Aが所有する甲土地(以下「甲」という。)につき、Bの所有権の取得時効が完成し、その後、Bがこれを援用した。この場合に関する次の記述のうち、民法の規定および判例に照らし、妥当でないものはどれか。
- Bの時効完成前に、CがAから甲を買い受けて所有権移転登記を了した場合、Bは、Cに対して、登記なくして時効による所有権取得をもって対抗することができる。
- Bの時効完成後に、DがAから甲を買い受けて所有権移転登記を了した場合、Bは、Dに対して、Dが背信的悪意者であったと認められる特段の事情があるときでも、登記なくして時効による所有権取得を対抗することはできない。
- Bの時効完成後に、EがAから甲を買い受けて所有権移転登記を了した場合、その後さらにBが甲の占有を取得時効の成立に必要な期間継続したときは、Bは、Eに対し時効を援用すれば、時効による所有権取得をもって登記なくして対抗することができる。

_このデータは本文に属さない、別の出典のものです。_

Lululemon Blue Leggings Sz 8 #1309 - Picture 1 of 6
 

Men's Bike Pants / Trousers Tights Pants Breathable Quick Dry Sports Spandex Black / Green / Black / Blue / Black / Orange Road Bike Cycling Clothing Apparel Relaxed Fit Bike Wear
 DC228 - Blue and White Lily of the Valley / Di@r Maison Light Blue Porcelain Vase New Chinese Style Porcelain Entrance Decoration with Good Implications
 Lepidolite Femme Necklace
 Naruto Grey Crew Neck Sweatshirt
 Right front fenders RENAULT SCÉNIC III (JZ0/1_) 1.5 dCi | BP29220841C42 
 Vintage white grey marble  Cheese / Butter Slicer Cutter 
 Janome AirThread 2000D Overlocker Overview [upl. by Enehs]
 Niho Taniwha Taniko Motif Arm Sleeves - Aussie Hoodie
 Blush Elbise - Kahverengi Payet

- Bの時効完成後に、FがAから甲につき抵当権の設定を受けてその登記を了した場合、Bは、抵当権設定登記後引き続き甲の占有を取得時効の成立に必要な期間継続したときは、BがFに対し時効を援用すれば、Bが抵当権の存在を容認していたなどの抵当権の消滅を妨げる特段の事情がない限り、甲を時効取得し、その結果、Fの抵当権は消滅する。
- Bの時効完成後に、GがAから甲を買い受けて所有権移転登記を了した場合、Bは、Gに対して、登記なくして時効による所有権取得をもって対抗することはできず、その際にBが甲の占有開始時点を任意に選択してその成立を主張することは許されない。
【解説】
1・・・妥当
時効取得者は、登記がなくても、時効完成前の第三者に対し、権利を主張することができます(大判大正7.3.2)。よって、時効取得者Bは、登記がなくても、時効完成前の第三者であるCに対して時効による所有権取得を対抗することができるので、本肢は妥当です。
【質問内容】 時効取得者Bは、取得時効完成前のCに対して、登記なく時効取得をもって対抗することができる。○か×か。
【判例】 判例では、上記具体例について「時効取得者Bは時効完成前の第三者Cに対して、登記がなくても、時効取得を主張できる」としています。
【理由】 始めに、A所有の甲地をBが占有し、その後、①AがCに甲地を売却し、(まだBが占有中)、その後、②Bの時効が完成したという流れです。時系列を図にすると下のようになります。(左から右に時間が流れている)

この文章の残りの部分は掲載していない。